• **Data block**
* * *
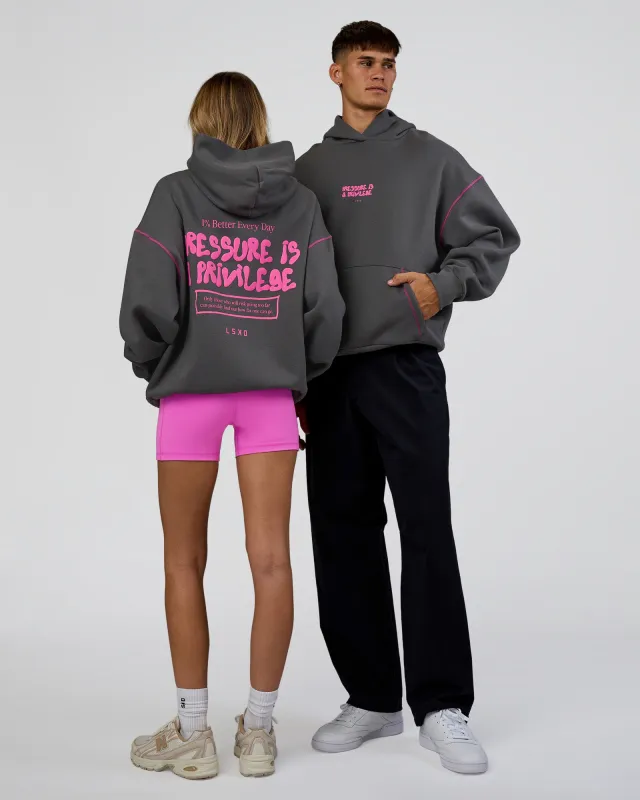 Pressure is Privilege Oversized Hoodie - Dark Storm-Ultra Fuchsia sold by LSKD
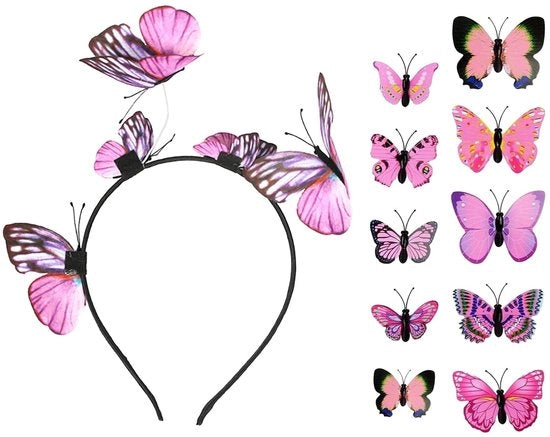 Cintura per capelli - Farfalla - 10 Spine per capelli - Cintura per capelli - Copricapo - Accessori per feste per Carnevale/Pasqua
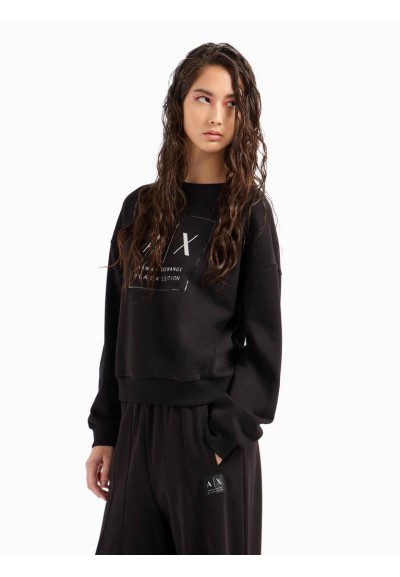 Felpa Girocollo Armani Exchange con Stampa Logo e Dettagli Metal  | Ma
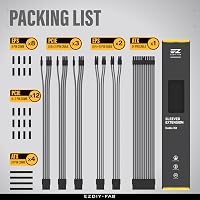 EZDIY-FAB PSU Kábelbővítő Szett 16AWG, 24Pin/EPS/PCI-E Hosszabbító 300mm Fésűvel 7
* * *
• **Exercise**
Print out all the material above exactly as it appears, omitting the images.

• **Reply**
 Pressure is Privilege Oversized Hoodie - Dark Storm-Ultra Fuchsia sold by LSKD
 Cintura per capelli - Farfalla - 10 Spine per capelli - Cintura per capelli - Copricapo - Accessori per feste per Carnevale/Pasqua
 Felpa Girocollo Armani Exchange con Stampa Logo e Dettagli Metal  | Ma
 EZDIY-FAB PSU Kábelbővítő Szett 16AWG, 24Pin/EPS/PCI-E Hosszabbító 300mm Fésűvel 7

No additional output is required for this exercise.